La primera frase

Nunca tengo claro si hay que hacer las cosas muy bien desde el principio. Si al final se tuercen te queda un paladar desagradable, como de almejas con arena, por no haber puesto algunos errores al comienzo. Claro que sería bonito ganar LaLiga en la segunda jornada, en un derroche de finura y matemáticas, y consagrar el resto del campeonato, con la tranquilidad de los deberes hechos, a pasearse por los campos en ropa de calle. Aún nadie lo ha conseguido. Una de las diversiones de agosto, de hecho, es adivinar el equipo que empezará inesperadamente la temporada de maravilla y al poco reventará, como en esos dibujos animados en los que se acaba la carretera y el personaje camina varios metros sobre el vacío, lleno de optimismo, hasta que se da cuenta de que no hay suelo.

Cuando todo es demasiado perfecto al principio y se acumulan goles, puntos, elogios, ¿qué cabe esperar después? ¿Más perfección? Quizá con que la vida vaya regular baste. Richard Ford alerta contra la embriaguez de iniciar un libro con una primera gran frase. "Cuidado", dice, "porque luego tienes que continuar con una segunda y una tercera frase que tienen que superarla de algún modo". El ejemplo sirve para el fútbol.

Estamos en uno de esos momentos escasos en los que ganar y perder equivale a unas migajas en una mano.

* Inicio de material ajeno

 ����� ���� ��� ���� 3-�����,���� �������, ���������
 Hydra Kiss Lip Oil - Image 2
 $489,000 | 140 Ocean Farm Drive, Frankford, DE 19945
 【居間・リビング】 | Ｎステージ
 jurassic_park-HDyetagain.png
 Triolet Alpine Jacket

No parece mala hora para incurrir en los errores a los que todos nos abrazamos, aunque sea por hacer el payaso. Hoy todo es reconducible. Al fin y al cabo, estamos en verano y la vida aún no se ha desprendido de su liviandad. El negocio del fútbol moderno funciona sobre ficciones, como que todos los instantes son decisivos, críticos, únicos, y que el éxito y el fracaso advienen continuamente, en un instante. Ni caso. Baste decir que en esa ficción el Madrid estaba casi descartado para LaLiga antes del primer partido, y que el Barça iba a asestar un golpe mortal al torneo sumando simplemente tres puntos en Bilbao. Los principios importan, pero nunca llegan a ninguna parte. Eso es misión de los finales.